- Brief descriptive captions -
###

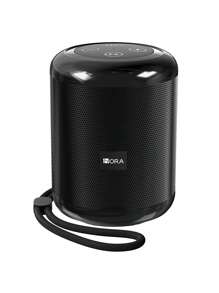 Mini Bocina Portátil Bluetooth 5.0 Radio Fm - Negro - Ver 1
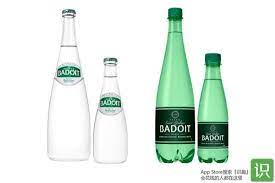 伯爵badoit soju bottle champagne bottle bottle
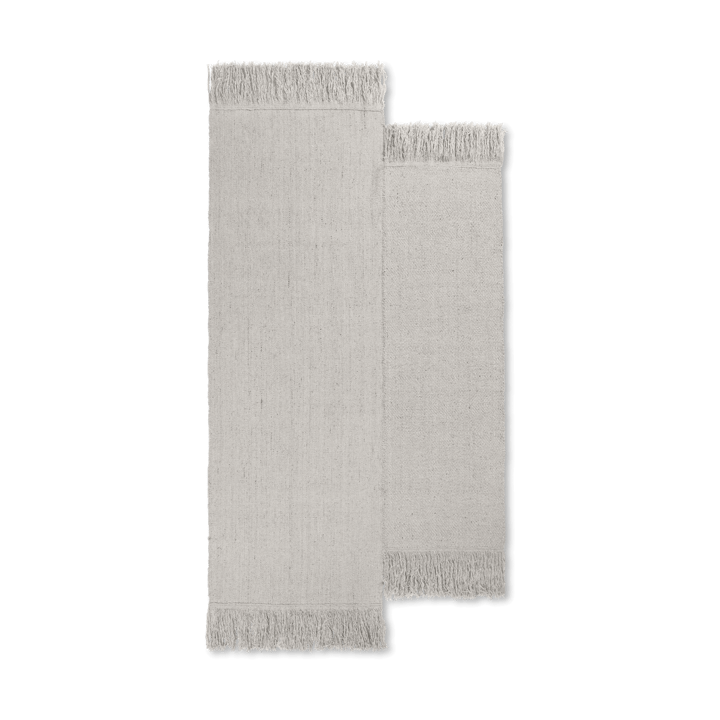 Tappeto in lana Alter - Naturale, 160x270 cm - Ferm LIVING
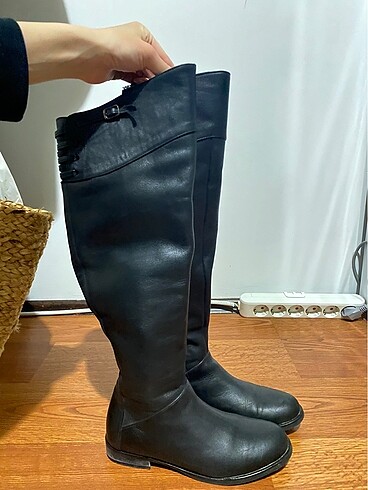 Diğer Luvi shoes hakiki deri çizme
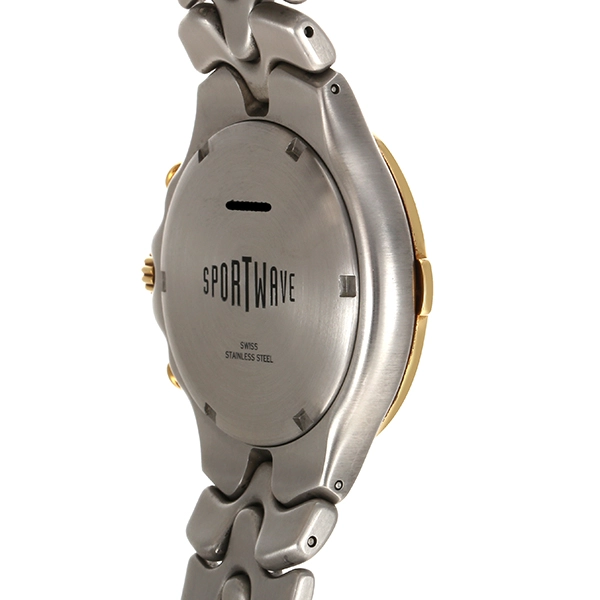 Herrenuhr Ebel 'Sportwave' Quartz-Chrono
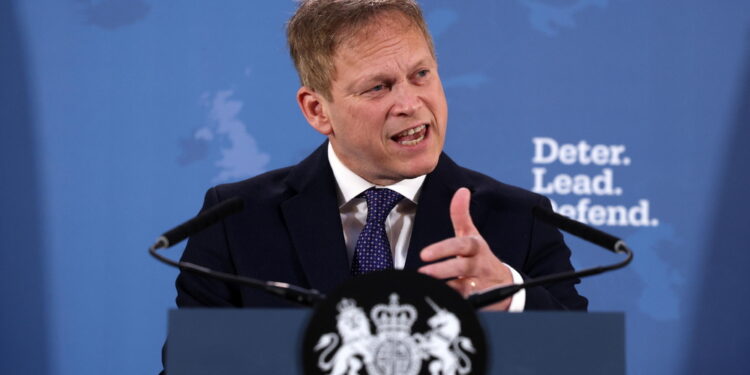 Sunak in Parlamento. Shapps prende di mira pure Russia e Cina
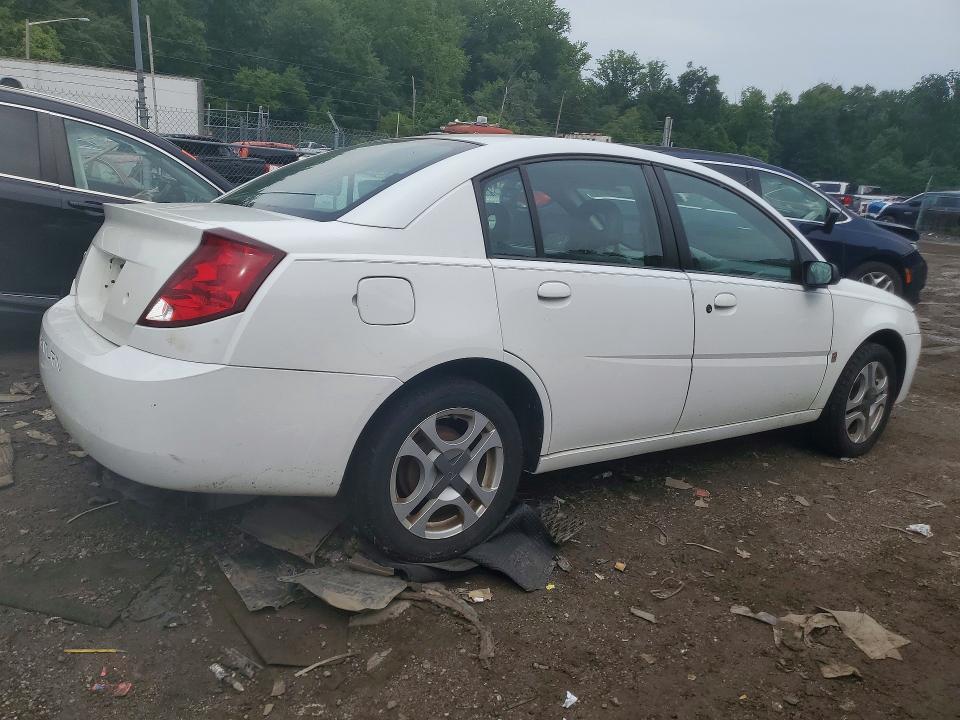 2004 Saturn Ion მანქანა იყიდება აუქციონზე, vin: 1G8AL52F74Z169518, აუქციონის ნომერი: 60573776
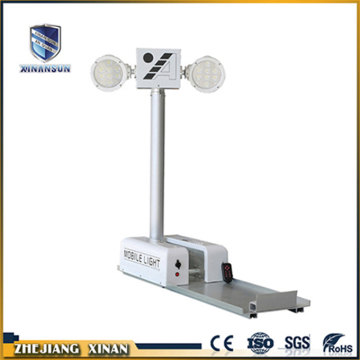 useful used in roadway mobil tower light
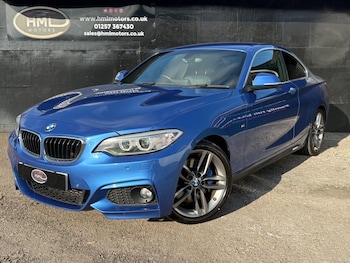 Used BMW 2 Series 2015 for sale - 75598925: Photo
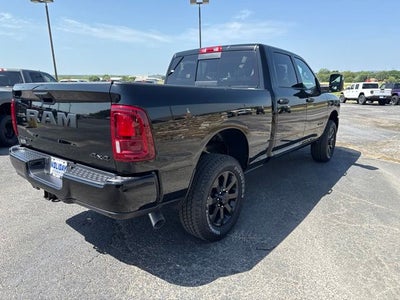 2026 RAM Ram 2500 RAM 2500 LONE STAR CREW CAB 4X4 6'4' BOX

###

- Task brief -
When you reach the line that contains "useful used in roadway mobil tower light" in the records above, copy it and every line after it exactly through the last one, leaving out the pictures.

- Problem solution -
 useful used in roadway mobil tower light
 Used BMW 2 Series 2015 for sale - 75598925: Photo
 2026 RAM Ram 2500 RAM 2500 LONE STAR CREW CAB 4X4 6'4' BOX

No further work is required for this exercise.